Hacker News: mjb

New comment by mjb in "Raft Consensus with a Minority of Nodes"

mjb — Wed, 27 May 2026 17:21:29 +0000

The 70s, if you want to be pedantic (e.g. Gifford's "Weighted Voting for Replicated Data" or Thomas's "A Majority Consensus Approach to Concurrency Control for Multiple Copy Databases", both from '79).

New comment by mjb in "Raft Consensus with a Minority of Nodes"

mjb — Wed, 27 May 2026 17:20:41 +0000

This is cool, and a really fun reminder that "majority" isn't required for quorum systems (it just happens to be the simplest way of thinking about it, and optimal in some senses). Moving from majorities to some other definition of quorum isn't super practical all that often, but is an interesting tool when you think about systems that don't have a uniform probability of failure or disconnection. That's not infrequent - large scale networks have very variable amounts of redundancy depending on geography and distance.

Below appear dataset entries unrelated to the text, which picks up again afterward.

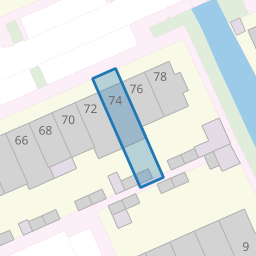 Perceel WTR00-A-7778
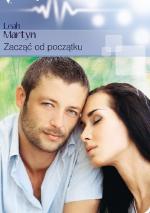 Okładka Zacząć od początku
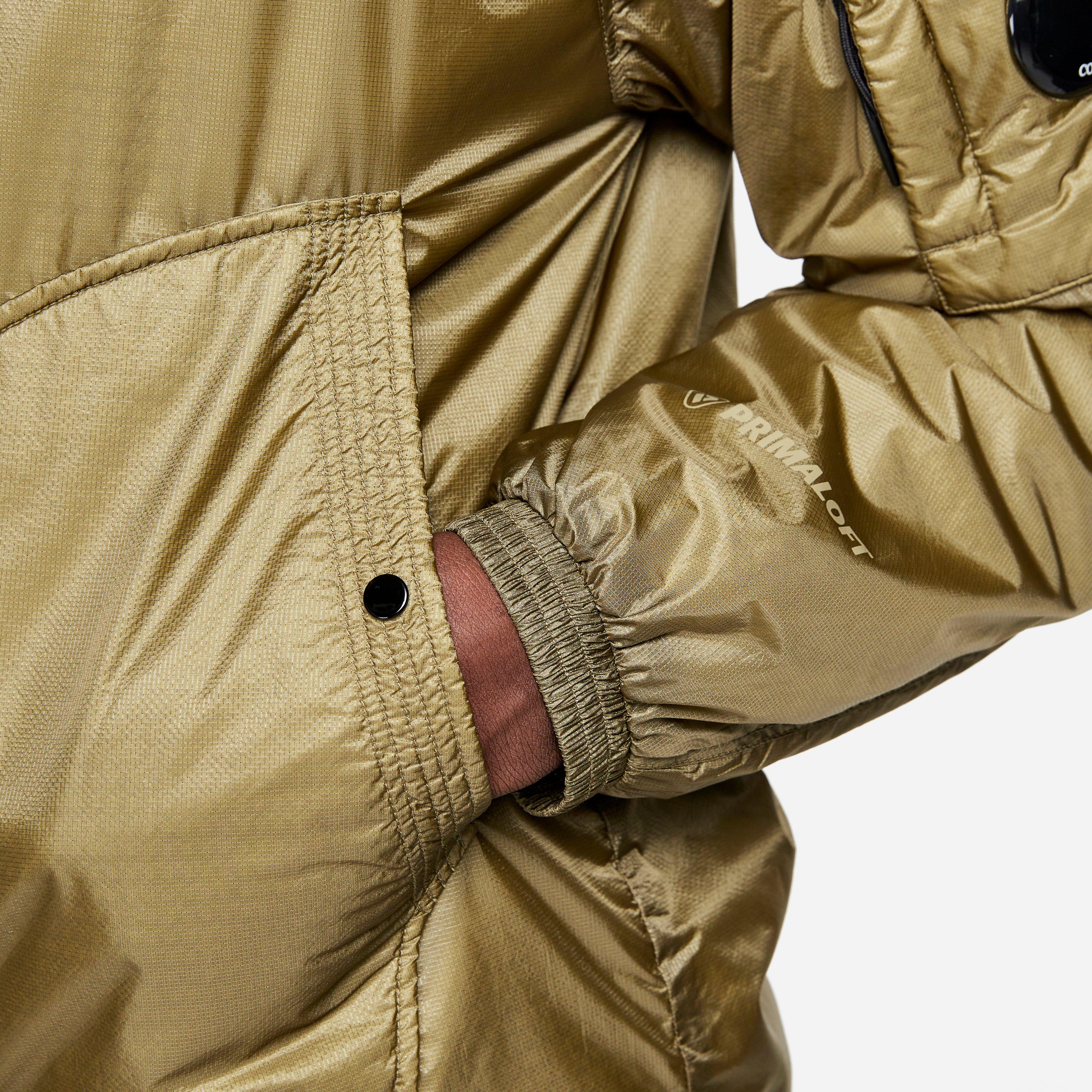 C.P. Company Nada Lens Jacket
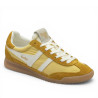 Sabatilles urban Gola firefly pollen amb sun i off white dona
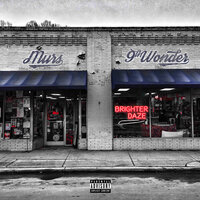 Murs SuperStar - 9th Wonder, Murs
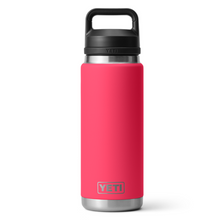 Load image into Gallery viewer, YETI Rambler 26oz Bottle w/ Chug Cap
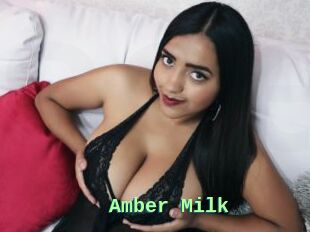 Amber_Milk
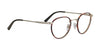 Serengeti DANIEL Eyeglasses | Size 50 / Matte Light Gold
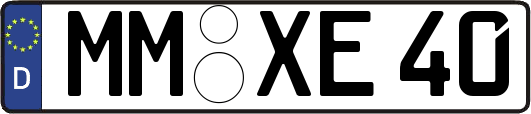MM-XE40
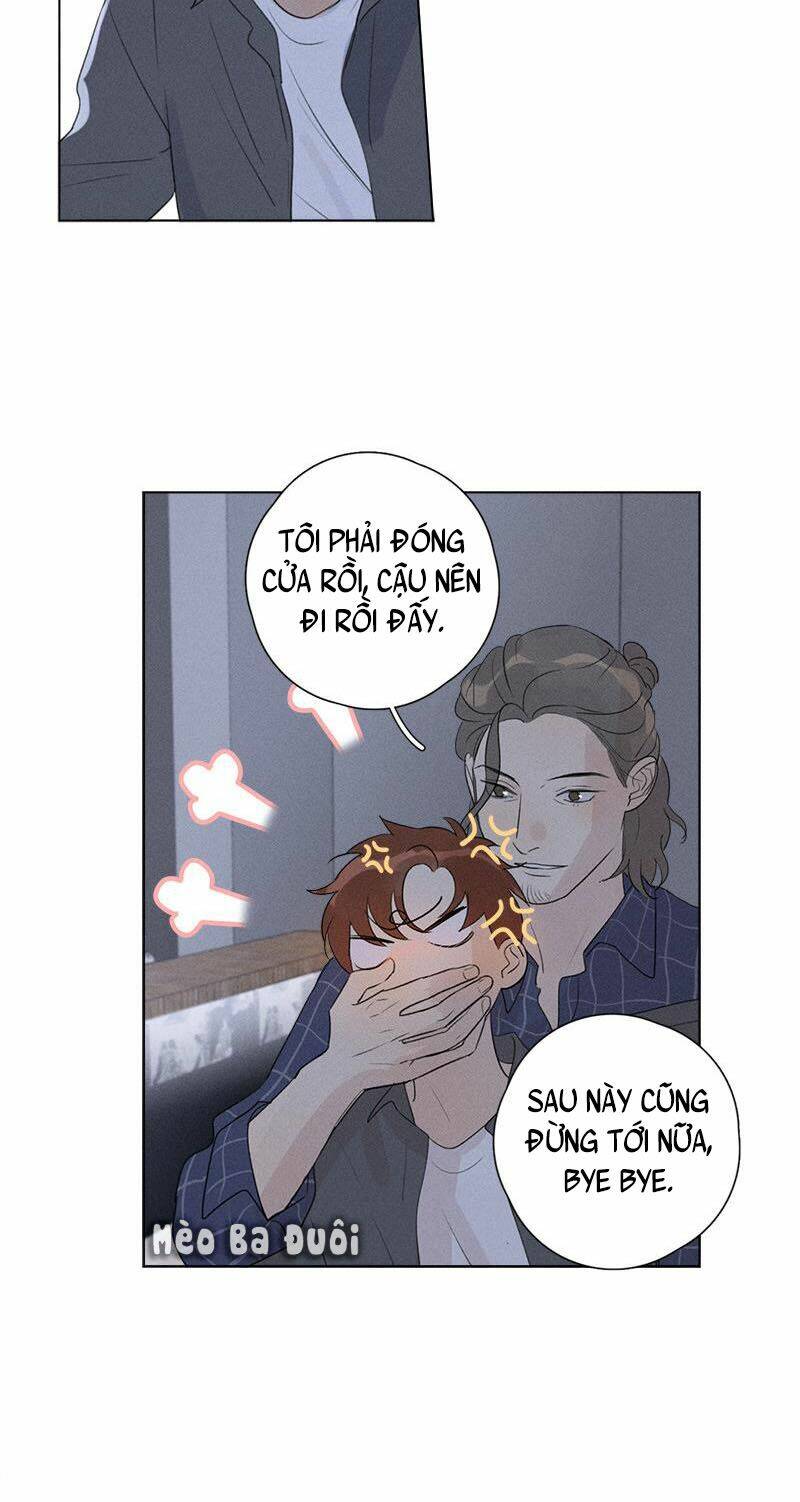 Here U Are - Chương 120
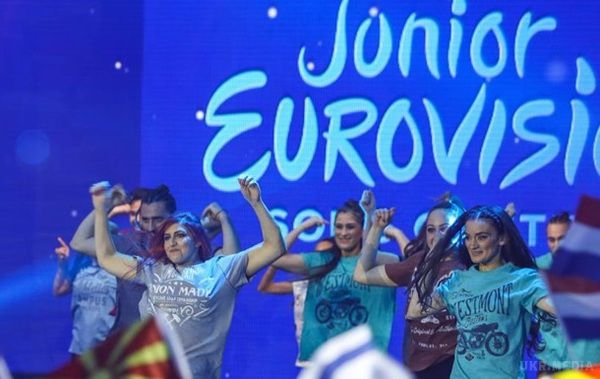 Дитяче Євробачення-2018 пройде в Білорусі. Білоруська заявка на проведення пісенного конкурсу була визнана кращою.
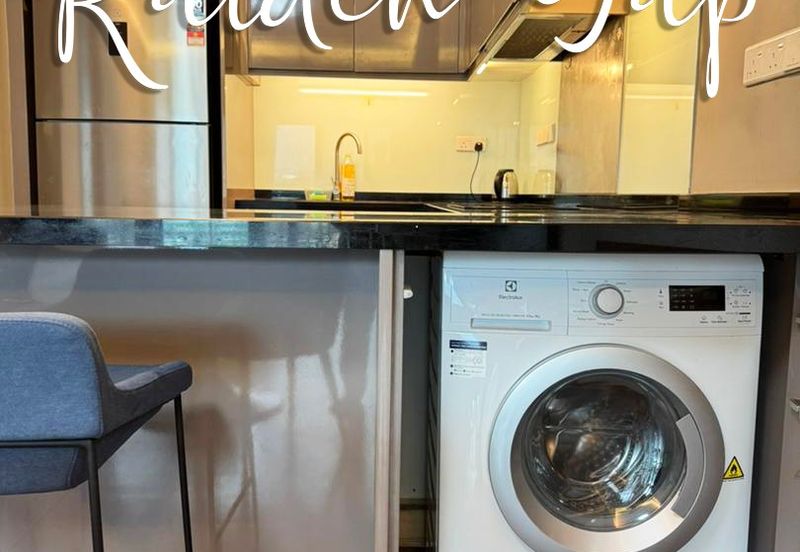 VISTA RESIDENCES, GENTING PERMAI AVENUE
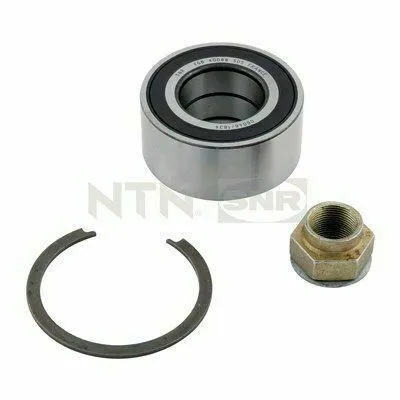 Compra Oggi Stesso SNR R158.55 Kit Cuscinetto Ruota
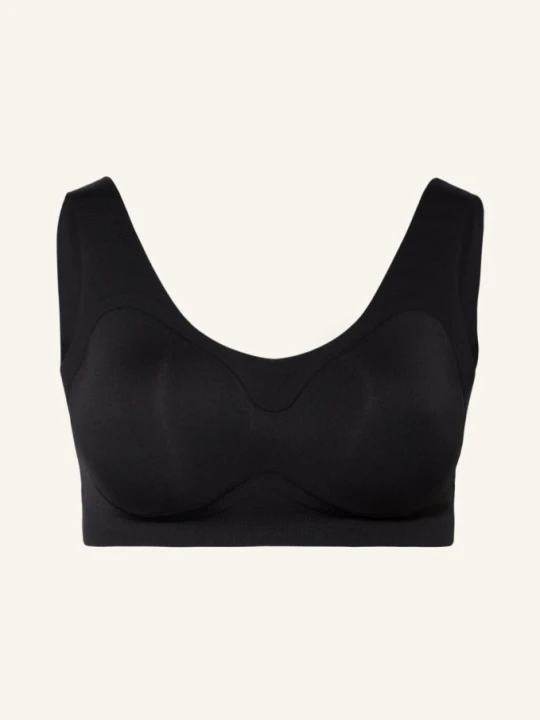 Zdjęcie produktu Magic Bodyfashion Gorset Sensual Soft schwarz CZARNY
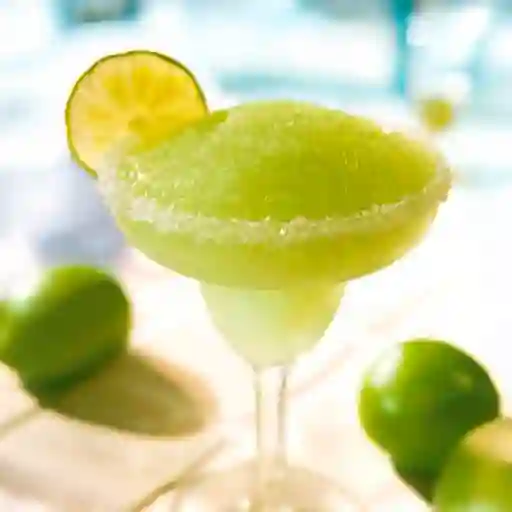 Margarita Limón 16 Oz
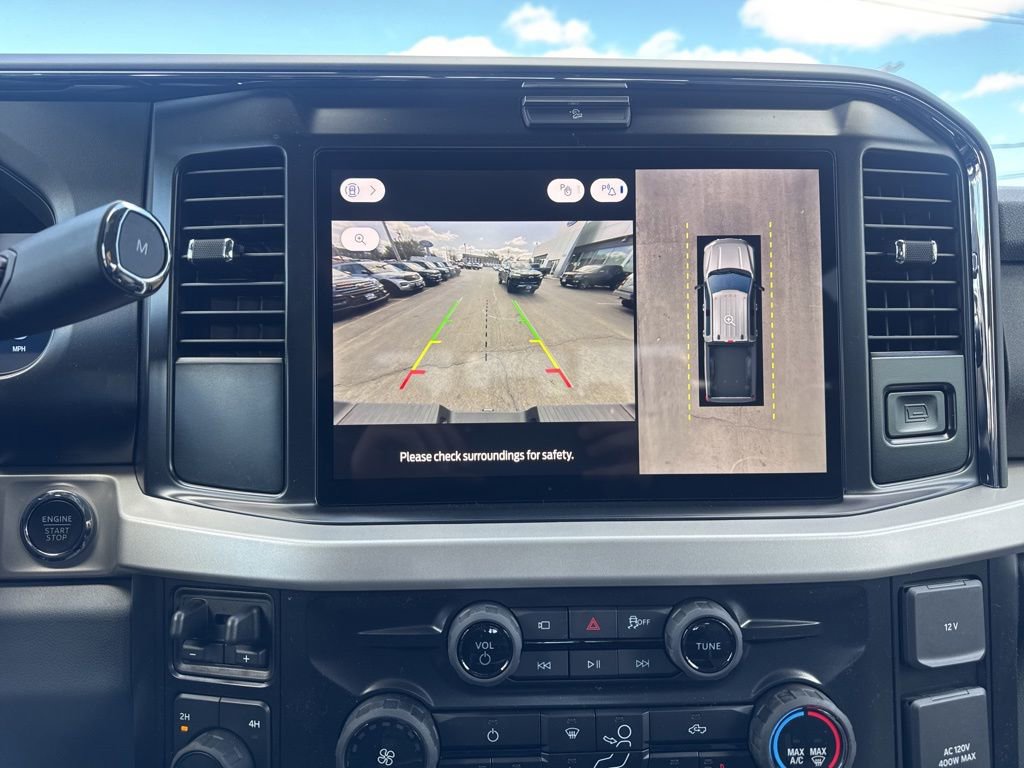 New 2026 Ford F350 XLT w/ XLT Premium Package image 17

The idea of non-MDS erasure codes isn't quite the same, but they're related in the way that MDS codes are the easiest to think about, and non-MDS codes come with interesting complexities while opening up some cool new options for system design and recovery.

Using "majority" as the criterion has been around for a long time (e.g. Gifford in '79 https://pages.cs.wisc.edu/~remzi/Classes/739/Fall2015/Papers..., and Thomas also in '79 https://dl.acm.org/doi/10.1145/320071.320076). Also related is the idea of weighted voting (e.g. Peleg and Wool in '95 https://www.sciencedirect.com/science/article/pii/S089054018...).

New comment by mjb in "Simple and correct snapshot isolation"

mjb — Sun, 03 May 2026 04:44:54 +0000

Good read.

I've always been a little confused about this framing of WSI. The observation that detecting read-write conflicts is sufficient for serializability dates back to at least Kung and Robinson in '83 (IIRC). It is true, though, and the observation that it's a minor change to an already MVCC database's commit logic is theoretically correct.

It's not really practically correct, though. Writes kinda have to be resolved to updated keys, so detecting w-w conflicts is very easy. In a SQL database, though, reads can be predicates, or aggregations, or even indicate a lack of data (gaps). This makes practically implementing this scheme on real world workloads pretty tricky, both correctness-wise and performance-wise. Clearly possible, but quickly devolves into a bunch of optimizations around edge cases. Granted, it is easier in databases that don't need full SQL semantics.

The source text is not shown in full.